Governments and central banks across the world are searching for solutions to the global financial crisis, as it is now translating into significantly slower economic activity across most regions.
Falling equity markets, tighter credit and declining confidence has left companies and consumers either unable or unwilling to spend and invest.
As a result, there has been a combined global effort from policy makers to simulate their economies to prevent a long period of recession.
Australia’s Federal Government is no exception.
The US economy is most likely already in recession, or likely to fall into recession in the near future.
The question is how long and deep the recession will last.
The US authorities have taken drastic measures to stabilise their financial markets following the collapse of the Lehman Bank and subsequent freeze in financial assets.
A massive bailout scheme has been announced which aims to stabilise the global banking system, involving the US Treasury making direct purchases of bad assets from banks, totalling up to US$700 bn.
Another direct action has seen America’s Federal Reserve cut its policy interest rate by a further half point, to 1%, on 29 October.
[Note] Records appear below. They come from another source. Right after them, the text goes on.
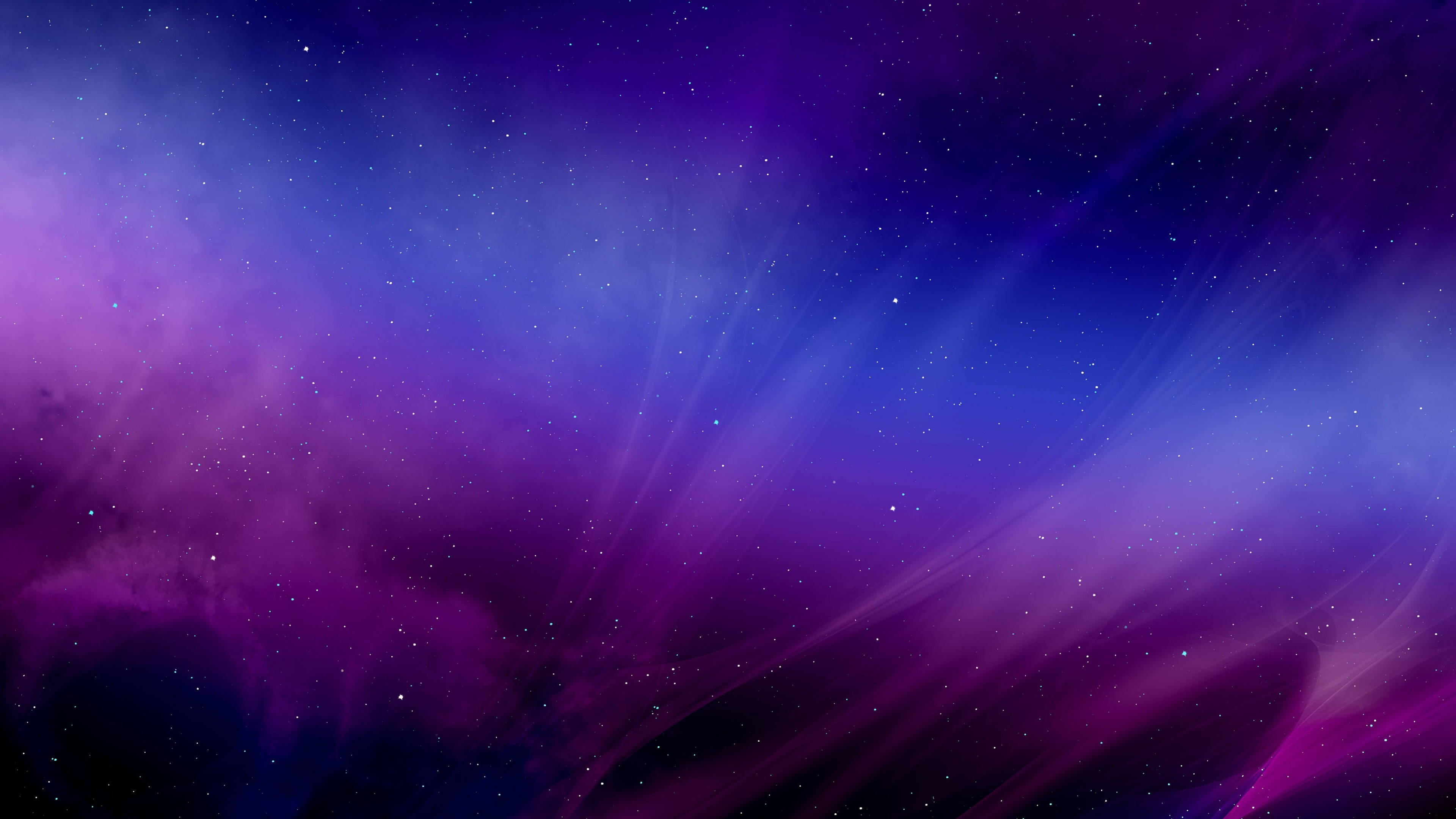 藍紫星系夜空色彩 壁紙 — 充滿活力的宇宙星雲在深紫色和藍色中旋轉，散落的星星在虛空中柔和地發光。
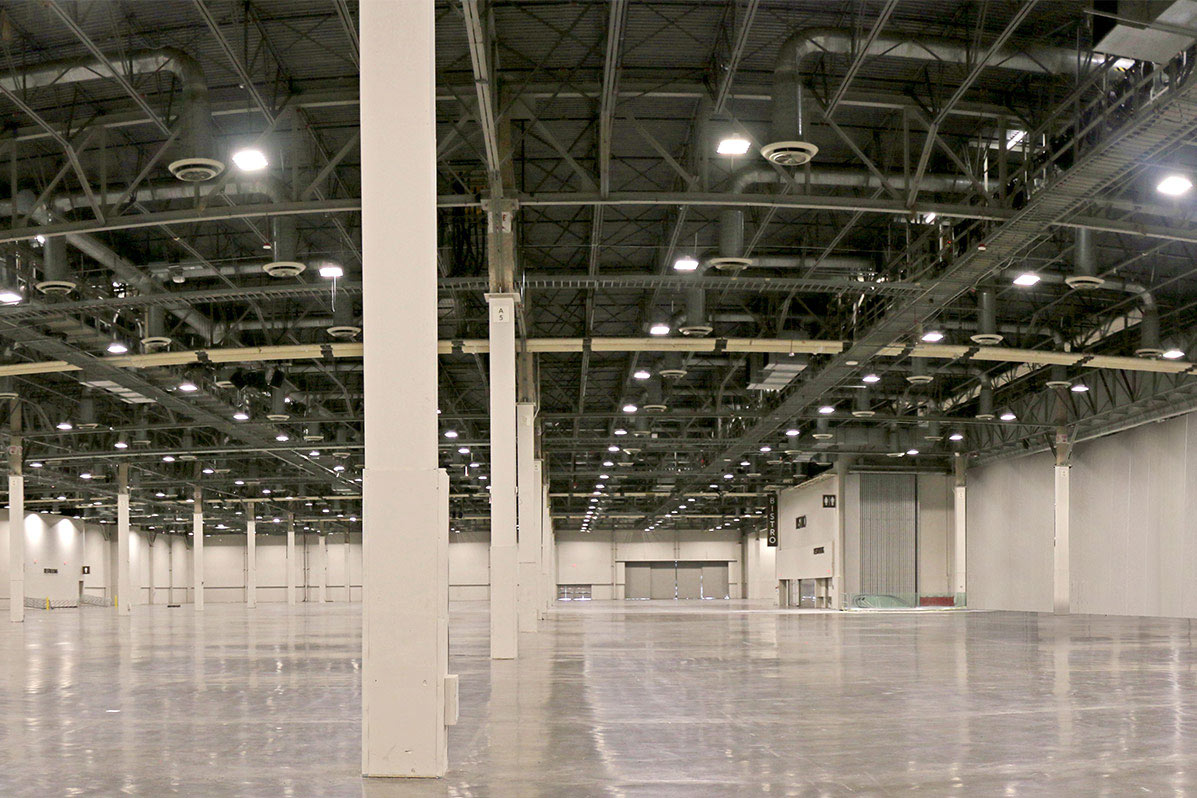 Interior of an expo hall at the Venetian Resort with pillars throughout. 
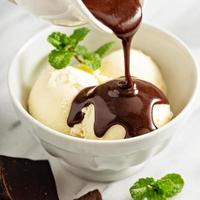 Pouring chocolate sauce on ice cream photo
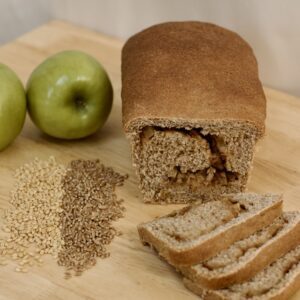 Photo of whole grain Abbot's apple bread, including organic green granny apples, organic soft white wheat berries, organic hard red heirloom wheat berries, and sliced loaf of Abbot's apple bread, made from organic ingredients.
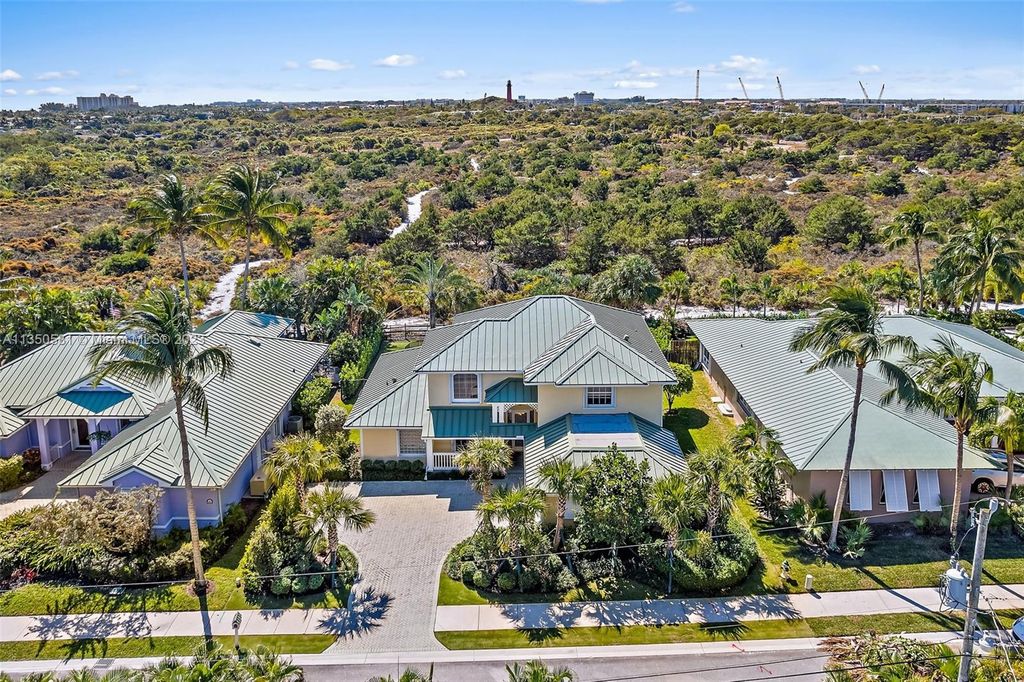 Photo of 32 Coconut Ln, Tequesta, FL 33469 (MLS # A11350581)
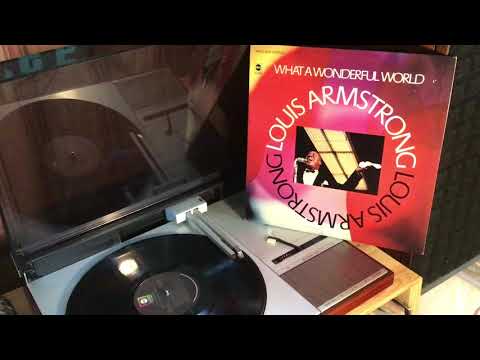 “What A Wonderful World” - Louis Armstorng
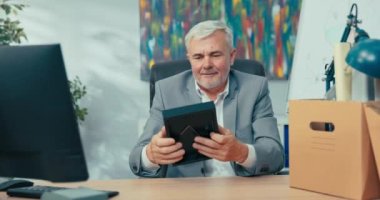 Yeni çalışan, gri saçlı, gömlekli yaşlı bir adam ofisinde yanında paketlenmiş eşyalarla dolu bir kutuda oturuyor. Tezgahın yanındaki resim çerçevesini kaldırıyor. Çalışma yerinin yanındaki bilgisayar hazırlıyor.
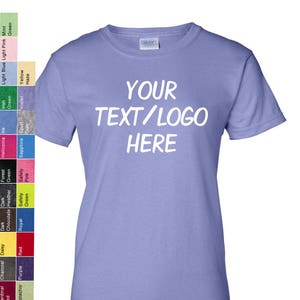 May include: A light blue t-shirt with the text "YOUR TEXT/LOGO HERE" printed in white on the front.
The expectation that the EU economy could maintain growth in times when the US economy was slowing has proven optimistic, as the EU economy is now in recession.
Several Eurozone economies suffered contraction in the third quarter, with Germany and Italy entering recession.
Governments in this region are taking measures to minimise the downturn, with the Bank of England recently lowering interest rates by 150 basis points, which was three times greater than most economic commentators expected.
The emerging world economies are also taking actions to limit the fall out of the global financial crisis.
Russia is spending US$220bn to shore up its financial system.
South Korea has guaranteed US$100 bn of its banks’ debt. Elsewhere, Hungary has secured a US$6.6 bn assistance program from the European Central Bank and is negotiating a loan from the International Monetary Fund (IMF), as is Ukraine.
The IMF has unveiled a new emergency lending programme that will get money to well-run countries quickly and with almost no conditions attached if they are hit by financial volatility.
The new liquidity facility is the culmination of a decade of attempts at the IMF, after the Asian financial crisis of 1997-98, to come up with a way of protecting emerging markets from financial problems.
Australian fiscal action
In recent weeks, the Australian Government and Reserve Bank of Australia have also acted swiftly to avoid a significant downturn in the domestic economy.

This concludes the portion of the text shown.